##### Raw data

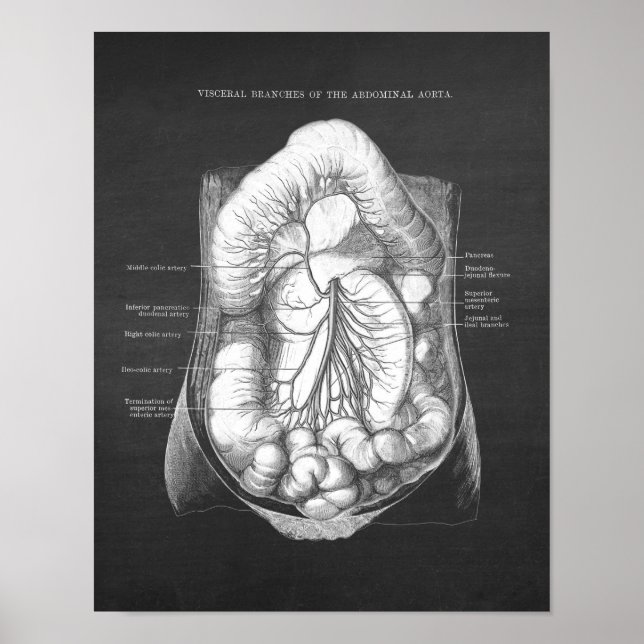 Poster Aorta Abdominal Anatomia (Frente)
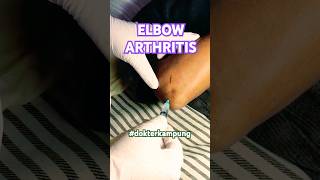 ELBOW ARTHRITIS  syarhan ruralhealthcare [upl. by Ianteen]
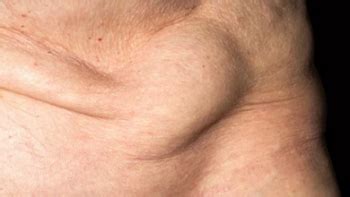What Is Inguinal Hernia Causes Surgery Recovery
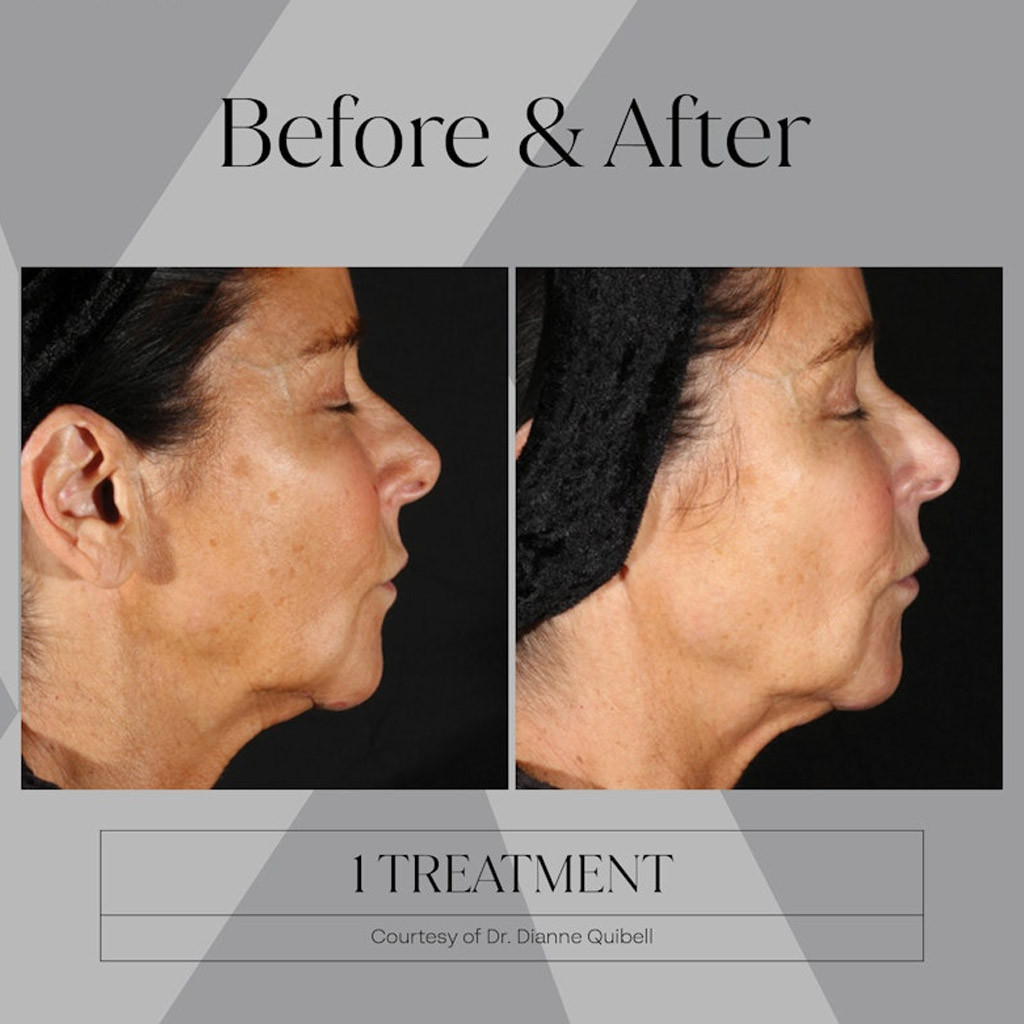 before-after-n2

##########

Aim of the task —
Pictures are not part of the copy. Please reproduce the material word for word.

Solution to the exercise —
 Poster Aorta Abdominal Anatomia (Frente)
 ELBOW ARTHRITIS  syarhan ruralhealthcare [upl. by Ianteen]
What Is Inguinal Hernia Causes Surgery Recovery
 before-after-n2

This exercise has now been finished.